Cultura

O lado mercantil do alembamento

“O preço ou o valor das despesas para o alembamento nunca esteve estipulado. O que temos vindo a assistir nos últimos anos é um verdadeiro atropelo aos ensinamentos deixados pelos nossos antepassados”, afirmou ao Jornal de Angola Ventura dos Santos.

17/01/2021  Última atualização 13H14
O alembamento, era considerado um acontecimento de respeito, amor e dignidade para com a mulher © Fotografia por: Edições Novembro
O ancião disse que, actualmente, a prática do alembamento em Angola tem estado a perder o seu real valor "devido às inúmeras exigências impostas aos jovens que se pretendem juntar”.

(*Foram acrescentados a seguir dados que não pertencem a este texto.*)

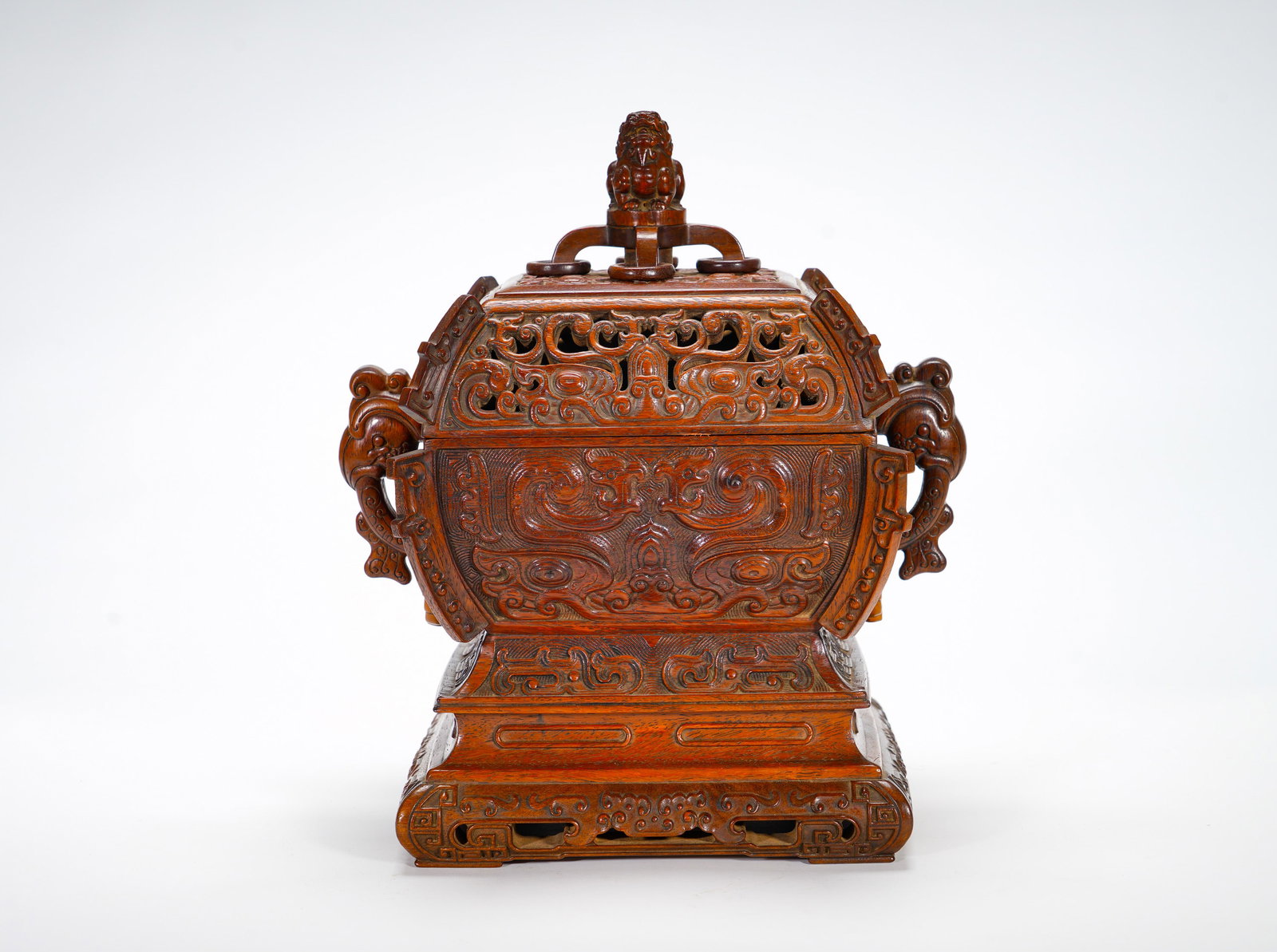 A four-sided incense burner made of huanghuali in the Qing Dynasty: Height:27cm(10.63in), Width:24cm(9.45in), Weight:1390g (3.064lb)Huanghuali Square Incense Burner with Lion Finial, Taotie Masks and Chi-Dragon HandlesCarved from solid huanghuali, this square censer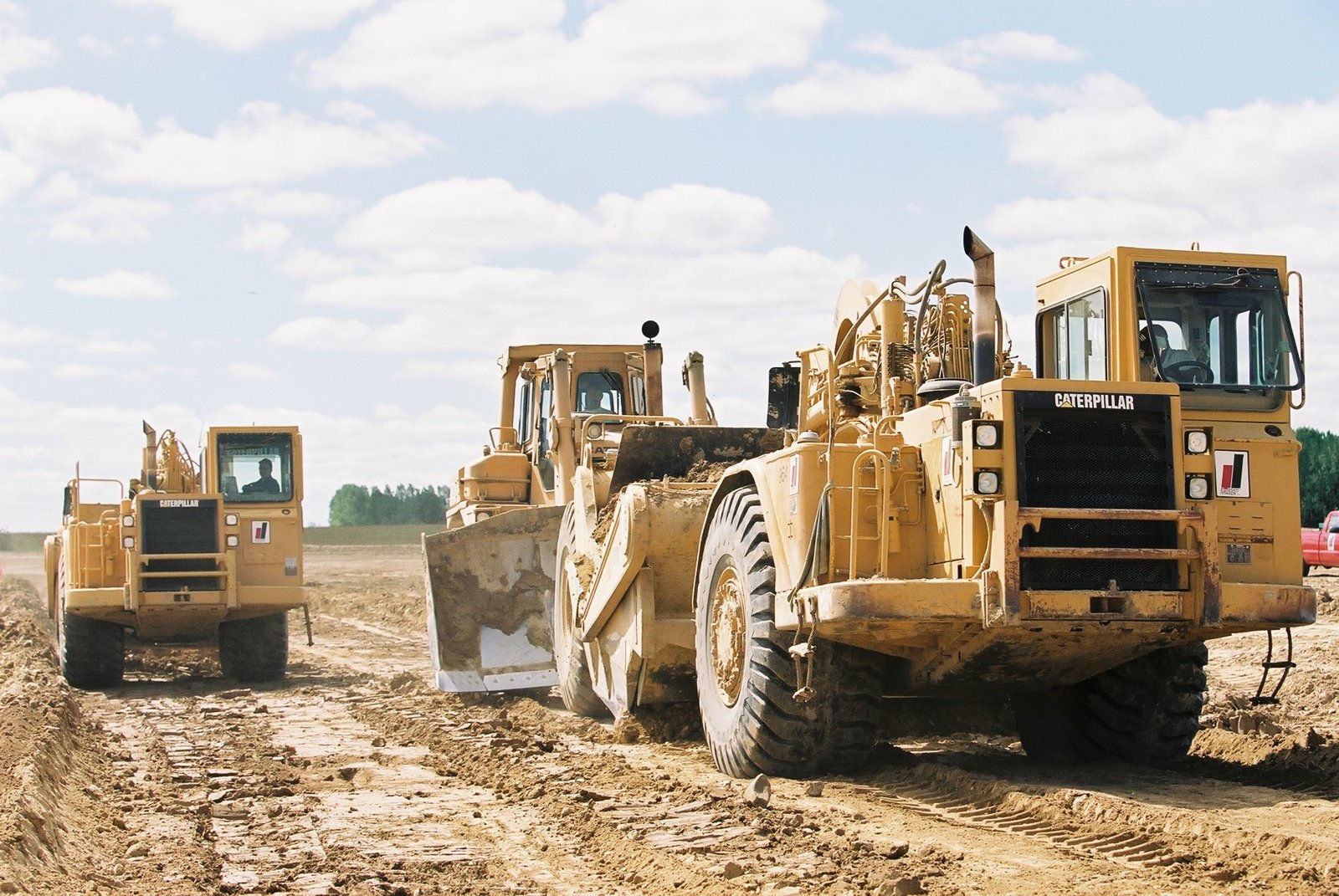 Dozer pushing grader during grader excavation operations.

Ventura dos Santos considera que a dolarização dos usos e costumes tradicionais é um puro desrespeito à tradição e a cultura angolana.  "Quando nasci, há 60 anos, o alembamento era considerado um acontecimento de respeito, amor e dignidade para com a mulher e as famílias de ambos os cônjuges”, salientou.

Segundo o nosso interlocutor, o acto de alembar no antigamente era antecedido de três actos distintos. O primeiro encontro servia apenas de apresentação entre as famílias, com o objectivo de se conhecer as exigências e os hábitos familiares. Depois disso os parentes do rapaz tinham de endereçar uma carta à família da noiva no sentido formalizar o pedido da esposa, e simultaneamente, a autorização para o alembamento.

Ventura dos Santos fez saber que à cerimónia tradicional que marcava a oficialização dos cônjuges seguia-se um outro ritual chamado "Kubucula”, o qual dava então direito ao marido para levar a esposa para sua casa. "No meu caso paguei apenas cinquenta escudos e a  carta foi acompanhada de um garrafão de vinho e mais cinco litros de maruvo, a bebida tradicional exigida”.

Lembrou que as tias da jovem alembada eram obrigadas a visitá-la logo nas primeiras horas do dia seguinte, a fim de confirmarem a sua virgindade. E os lençóis ensanguentados eram mostrados à vizinhança como prova da castidade pré-nupcial da jovem.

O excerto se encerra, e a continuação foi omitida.